Many of Jersey City's record nine Best Practices awards received from the New Jersey Department of Education in 1998-2000 were for programs overseen or founded by Dr. Epps. He took a leadership role in the district's efforts to reduce the drop-out rate, which had fallen from a high of 14.6% to three straight years at 10% or lower, starting in the late 1990s.

Epps has served as Chairman of the Hudson County Community College Board of Trustees, where he helped establish the Opportunity Knocks scholarship program allowing graduating seniors in Jersey City to attend Hudson County Community College tuition-free.

Epps has long been active in the community and serves on several advisory boards, including the National Conference on Community and Justice, the Hudson Cradle advisory board, the Hudson County Schools of Technology advisory board, and the Jersey City welfare board. In 1999, he was recognized by both the NAACP (Outstanding Educator award) and the National Urban League (A Man for All Men award) for his contributions to Jersey City and its public school system.

Epps received a B.A. in Education at Bishop College in Dallas, Texas, followed by a master's degree in education from Seton Hall University and a doctorate in education from Rutgers University.
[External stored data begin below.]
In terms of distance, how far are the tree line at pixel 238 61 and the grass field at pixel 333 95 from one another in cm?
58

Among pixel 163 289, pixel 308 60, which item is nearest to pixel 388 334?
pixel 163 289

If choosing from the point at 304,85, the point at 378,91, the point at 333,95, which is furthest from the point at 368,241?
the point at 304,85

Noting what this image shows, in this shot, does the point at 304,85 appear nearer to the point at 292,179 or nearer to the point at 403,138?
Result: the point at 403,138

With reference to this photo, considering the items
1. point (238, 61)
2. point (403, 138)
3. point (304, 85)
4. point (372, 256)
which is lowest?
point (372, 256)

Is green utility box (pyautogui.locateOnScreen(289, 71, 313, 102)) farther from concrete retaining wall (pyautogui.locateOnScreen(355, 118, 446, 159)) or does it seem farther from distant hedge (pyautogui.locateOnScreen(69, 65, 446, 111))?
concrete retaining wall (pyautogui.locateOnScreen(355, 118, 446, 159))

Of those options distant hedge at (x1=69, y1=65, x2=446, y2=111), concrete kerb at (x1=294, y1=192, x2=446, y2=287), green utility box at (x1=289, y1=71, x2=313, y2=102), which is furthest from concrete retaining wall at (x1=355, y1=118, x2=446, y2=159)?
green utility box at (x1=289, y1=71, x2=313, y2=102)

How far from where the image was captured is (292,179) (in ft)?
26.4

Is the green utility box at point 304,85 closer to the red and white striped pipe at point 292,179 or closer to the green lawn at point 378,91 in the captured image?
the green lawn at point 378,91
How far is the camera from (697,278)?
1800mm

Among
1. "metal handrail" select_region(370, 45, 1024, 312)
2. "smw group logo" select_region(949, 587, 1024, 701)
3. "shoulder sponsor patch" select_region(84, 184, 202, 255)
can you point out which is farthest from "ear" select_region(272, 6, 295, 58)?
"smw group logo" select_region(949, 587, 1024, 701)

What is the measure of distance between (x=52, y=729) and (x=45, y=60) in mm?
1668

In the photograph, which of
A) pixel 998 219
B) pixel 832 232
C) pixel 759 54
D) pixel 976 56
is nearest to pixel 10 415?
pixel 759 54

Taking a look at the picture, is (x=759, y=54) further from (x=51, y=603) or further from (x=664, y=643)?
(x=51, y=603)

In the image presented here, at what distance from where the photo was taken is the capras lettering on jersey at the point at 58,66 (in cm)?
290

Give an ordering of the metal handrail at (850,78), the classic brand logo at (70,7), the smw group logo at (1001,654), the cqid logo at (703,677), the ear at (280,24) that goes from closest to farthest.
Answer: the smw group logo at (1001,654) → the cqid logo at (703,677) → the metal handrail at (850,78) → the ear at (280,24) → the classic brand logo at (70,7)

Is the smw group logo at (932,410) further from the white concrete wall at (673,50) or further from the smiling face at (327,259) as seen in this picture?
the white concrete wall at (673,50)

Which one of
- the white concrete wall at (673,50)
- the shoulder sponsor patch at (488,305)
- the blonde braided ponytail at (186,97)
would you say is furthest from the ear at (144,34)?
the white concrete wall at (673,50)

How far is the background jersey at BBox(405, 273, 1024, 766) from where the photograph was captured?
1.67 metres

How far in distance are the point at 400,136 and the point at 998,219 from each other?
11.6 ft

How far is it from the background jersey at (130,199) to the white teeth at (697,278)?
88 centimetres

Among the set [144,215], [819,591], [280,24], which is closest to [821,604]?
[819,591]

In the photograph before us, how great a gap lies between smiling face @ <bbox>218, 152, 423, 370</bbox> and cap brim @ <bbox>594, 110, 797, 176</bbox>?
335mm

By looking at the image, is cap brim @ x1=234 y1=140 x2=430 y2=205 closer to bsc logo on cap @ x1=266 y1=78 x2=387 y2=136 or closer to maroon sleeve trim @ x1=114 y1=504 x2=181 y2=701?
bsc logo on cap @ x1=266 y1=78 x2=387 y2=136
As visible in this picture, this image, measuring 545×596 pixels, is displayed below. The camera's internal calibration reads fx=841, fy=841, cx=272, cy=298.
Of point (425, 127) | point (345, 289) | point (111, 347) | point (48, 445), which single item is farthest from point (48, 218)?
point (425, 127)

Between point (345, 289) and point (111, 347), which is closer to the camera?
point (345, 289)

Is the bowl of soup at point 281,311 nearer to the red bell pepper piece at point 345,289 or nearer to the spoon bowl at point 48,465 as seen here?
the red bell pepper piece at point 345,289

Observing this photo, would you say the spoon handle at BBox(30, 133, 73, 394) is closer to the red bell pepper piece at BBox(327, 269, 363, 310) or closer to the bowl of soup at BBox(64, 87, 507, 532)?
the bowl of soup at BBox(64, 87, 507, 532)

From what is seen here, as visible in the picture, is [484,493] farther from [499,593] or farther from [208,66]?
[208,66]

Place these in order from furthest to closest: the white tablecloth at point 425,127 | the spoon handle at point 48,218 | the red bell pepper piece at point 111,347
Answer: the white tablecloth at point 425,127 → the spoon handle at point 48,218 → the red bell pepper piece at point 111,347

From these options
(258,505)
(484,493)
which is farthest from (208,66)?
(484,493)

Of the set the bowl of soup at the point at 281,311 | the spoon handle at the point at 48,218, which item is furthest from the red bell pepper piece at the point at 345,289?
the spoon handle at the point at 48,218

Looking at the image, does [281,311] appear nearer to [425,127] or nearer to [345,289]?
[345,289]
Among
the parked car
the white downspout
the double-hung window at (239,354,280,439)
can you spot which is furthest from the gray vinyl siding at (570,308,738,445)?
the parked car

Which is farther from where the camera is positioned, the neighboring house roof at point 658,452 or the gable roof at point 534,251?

Epps died after suffering a heart attack on March 17, 2015.

==Criticism==
There is much criticism of Mr. Epps's pay as superintendent (over $240,000 annually), particularly because Epps also is a member of the New Jersey Legislature ($49,000 annual pay) and the Jersey City Public Schools is one of the lowest performers in the state.

As the Trenton Times editorialized about Mr Epps in an unsigned attack on double-dippers in state government: "Assemblyman Charles Epps Jr., D-Jersey City, spends at least two days a week at the State House, which is time when he's not back home running the troubled Jersey City school district, for which he receives $240,022 a year as superintendent."

In May 2006, Epps fell under attack by Assembly colleagues after the New Jersey 101.5 radio station reported on lavish expenses incurred by Epps on a trip to England—including a $500+/night hotel room—all paid for by taxpayers. A number of politicians called for his resignation as evidence of his fiscal irresponsibility surfaced.

The number (and salaries) of administrative staff housed at the Jersey City Board of Education has increased substantially in the 10 years since Epps became superintendent. Executives on the 8th floor of the Board of Ed Building on Claremont Ave. are notorious for not coming to work before 10 am and leaving early. While the school district is faced with budget cuts, hundreds of teachers received pink slips in April and May, while very few administrators or executives have been laid off, especially Epps's hand-picked assistants. Epps was ousted from the position.

In April 2011, Epps came under criticism for denigrating his constituency in an address to the Interdenominational Ministerial Alliance of Jersey and Vicinity. In his speech, he referred to the young females in his district, as his "worst enemy". He then elaborated, "The young girls are bad. I don't know what they're drinking today, but they're bad." Later, he thanks corporate volunteers for having "signed up to help even the dirty, nasty, bad kids."